Public Comment on TEIS Extension

Two toddlers climbing through brightly colored play tunnels

**Submit your comment on the TEIS extended option to DIDD by June 10th by emailing**

Tennessee Early Intervention System (TEIS) has proven an essential building block to the success of our kids with disabilities and delays. The Tennessee Disability Coalition applauds the Department of Intellectual and Developmental Disabilities for its successful advocacy to extend TEIS services beyond the federally required age of three. For many years, families have expressed this wish. IDEA Part B services through the school system are not able to be as flexible or family-centered. For some children with delays and/or disabilities, when TEIS halted at age three so did their progress. 

It is helpful that the option to continue TEIS services will remain until the start of the school year following the child’s 4th birthday. However, for some, the remaining gap in time until they start kindergarten will represent an unwelcome and premature transition in services. We would encourage that the kids for whom TEIS works best would continue to benefit from these services until the start of the school year following their 5th birthday.

In schools, services must be tied to educational need. We have heard from families that services like occupational therapy have been denied even though the child needed help developing a skill for home life. Allowing families the option to begin or continue TEIS services for their child beyond age three allows them to build skills to succeed beyond the classroom. 

We are deeply concerned about the children in need of services who have not yet been identified by the age of three. Children from low-income families and in rural or under resourced areas are more likely to be under identified and evaluated later. In the past two years, the pandemic has upended access to early screening. We know we are missing more kids than ever and yet TEIS services will not be offered for those who are identified after the age of three. We also understand that some kids, for example those who experience a traumatic brain injury early in life, may not begin to show delays until after the age of three. Yet beginning services at this time could greatly assist their development. Restricting eligibility for extended TEIS services restricts access for some of our most vulnerable Tennessee children. We strongly encourage that this policy be revised. 

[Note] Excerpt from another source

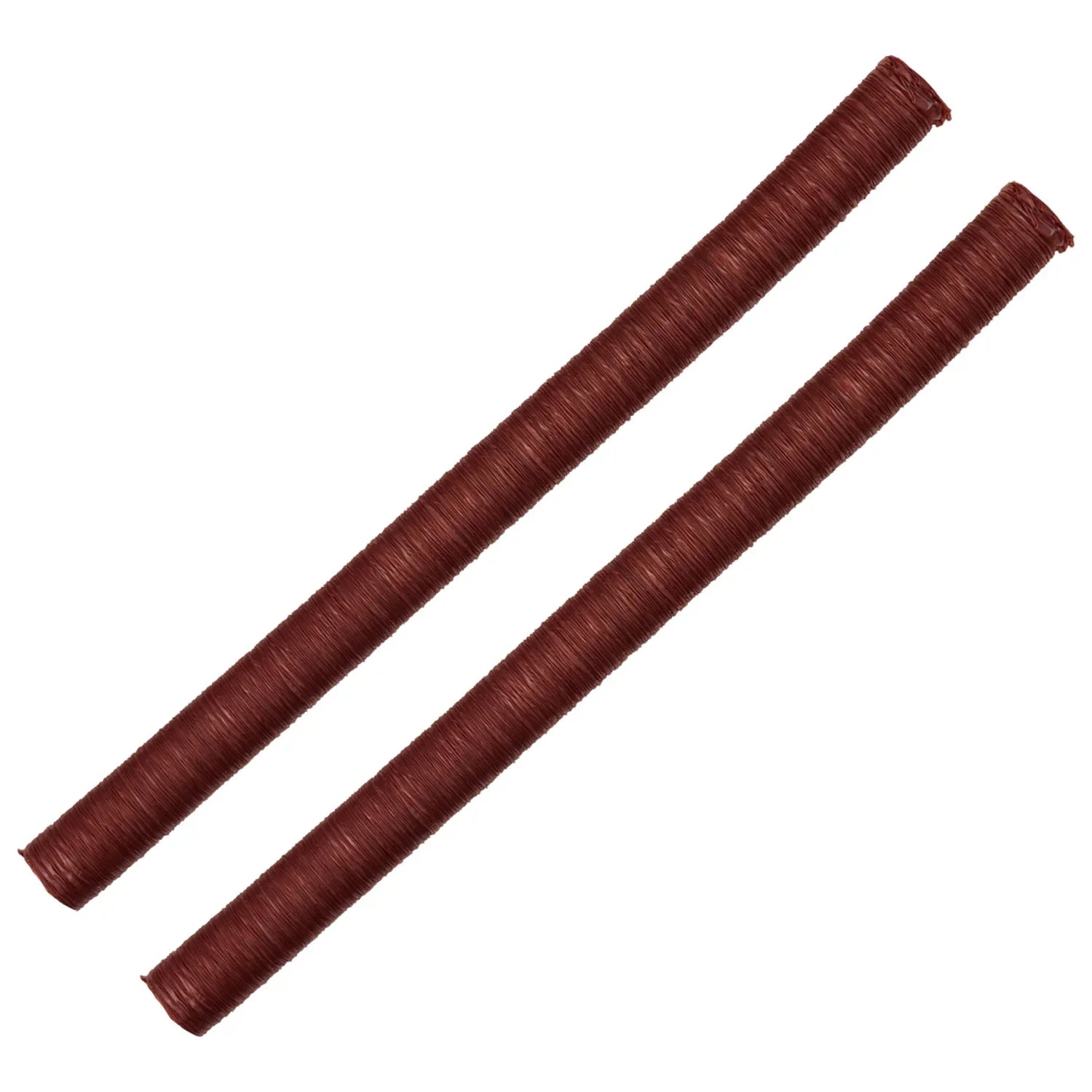 Pair of brown archery bow handle grips with textured surface on white background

By extending TEIS services, Tennessee will join a small handful of states leading the nation in providing for our youngest kids in need. Those states have seen the benefit of continued early intervention and we trust that our state will soon follow. 

Families are already sharing with us that continuing TEIS services for their child will be a huge benefit, and relief. Those whose child is on the cusp of turning age three fear that they will miss the opportunity for a whole year or more of continued services due to an arbitrary cut-off date 

selected for the eligibility of their child. We encourage that DIDD consider a grace period rather than a hard-cutoff date for eligibility. 

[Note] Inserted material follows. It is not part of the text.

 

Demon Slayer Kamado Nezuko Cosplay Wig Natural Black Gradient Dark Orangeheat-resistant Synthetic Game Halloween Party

Just as the roll out of the program will take time, informing families of this opportunity will as well. Families of children experiencing delays or disability are in the thick of it. They likely already lead a care team for their child and must navigate what can be overwhelming demands to learn about and make the best care decisions they can for their child.

We would hate for families to miss out on this opportunity because of lack of information or confusion. 

As this change is implemented, we would encourage that training and information be broadly and uniformly distributed throughout the TEIS system. In the rollout of other new service programs, we have seen the detriment for families when there are too few points of access for information and when families get different answers to the same questions depending on the source. 

At a time when staffing shortages are rampant, we encourage cross training and empowering multiple roles within TEIS to lead this implementation and prepare to inform and guide families through this process.

Early intervention can change the entire trajectory of a child’s development. By extending TEIS services for children beyond the age of three, Tennessee is investing in the success of children with delays and disabilities and their families.